The anguish, affection, eloquence and restraint that have provided me with ample air cover during the day vanish. But increasingly I am less certain whether the things that do remain are intended to be at the forefront at all, or exactly what those are. For many people as they traverse farther in their lives these concerns matter less as they accumulate layers to cover up what is underneath. But I have never been fully comfortable with this idea: covering up the thing that I do not understand with more understandable layers does not quite aid in the understanding of anything; it aids in its postponement or even concealment. When the layers are plentiful during the day and there are many people with the same, I blissfully focus on making money through looking at the screen, greeting the lady at the bend of the staircase, and attempting to further my chances both in career and in life. In the evenings these seem remote and almost idyllic, and indeed everything seems more remote and hence idyllic, aside from the revealed legs and the slippers, which look like rebars sticking out of a derelict building which still looked fine in the morning, or the backside of the laptop when it's shiny anodized aluminum backplate has been removed and dust is coming out.
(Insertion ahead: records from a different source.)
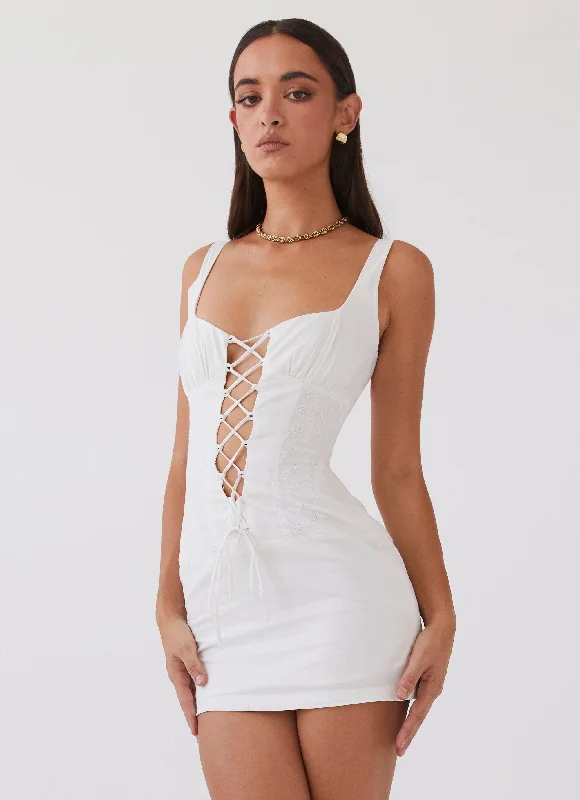 Casey Lace Up Mini Dress - White Trendy Tulle Mini Dress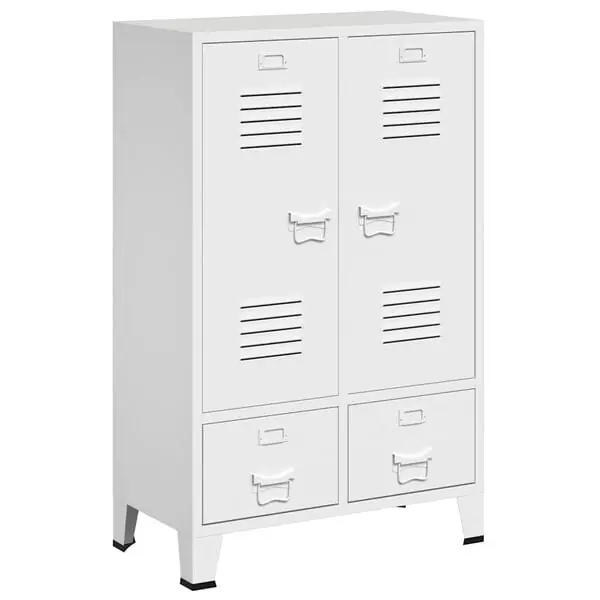 Extra rabatt vidaXL Industriell garderob vit 67x35x107 cm stål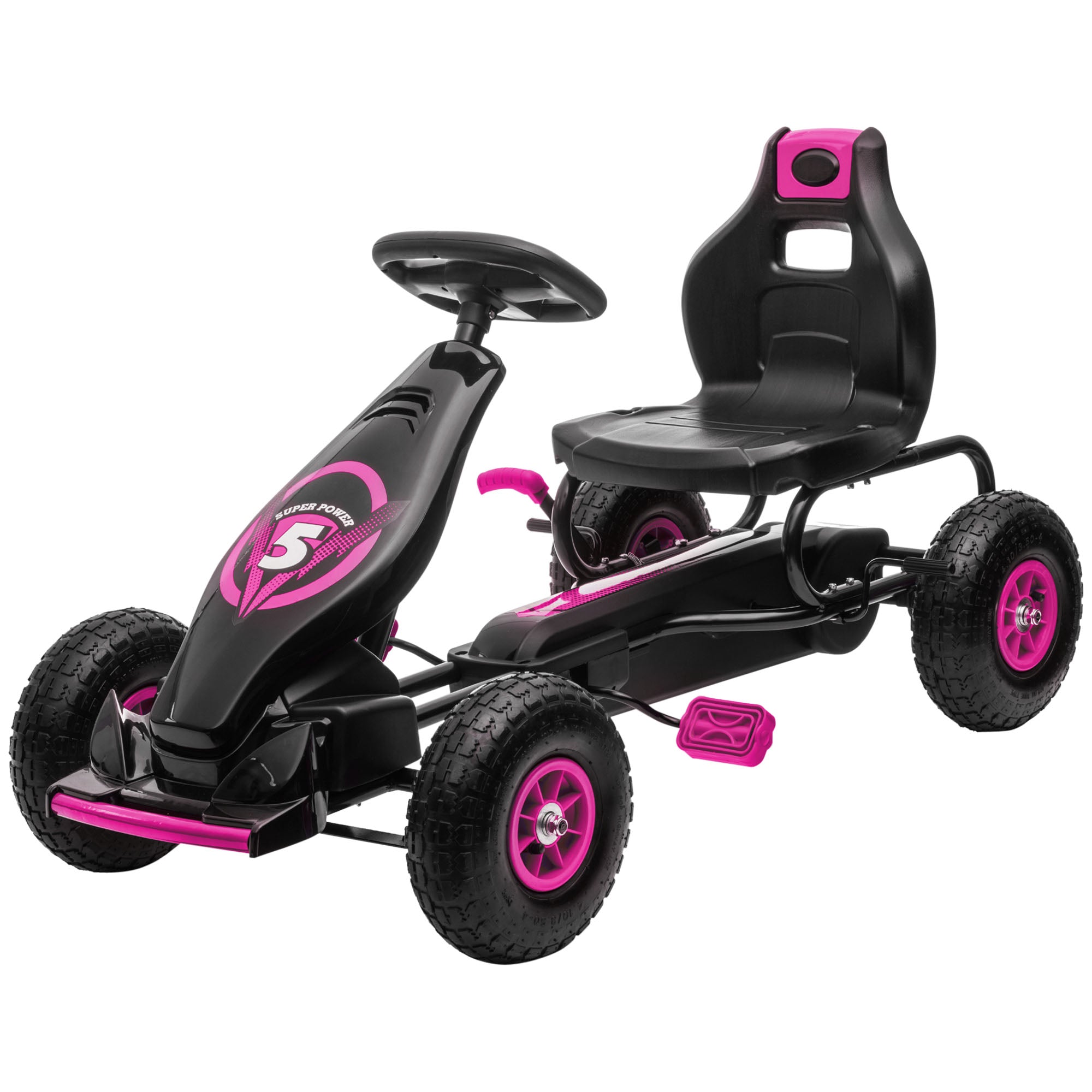 Pedal Go Kart w/ Adjustable Seat, Rubber Wheels Shock Absorb, Pink Pedal Go Karts for Kids   at Gallery Canada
They are certainly telling, but I mostly do not understand what is said.
There are very few things I really understand, and even fewer things I'll accept. The evenings, however, do not even offer the pretext of understanding or acceptance. They encroach on the recital of the day like the pause before late Beethoven's last movement. In the evenings I take a look at the lustrous day past, perhaps bidding its farewell, perhaps waiting for its sequel.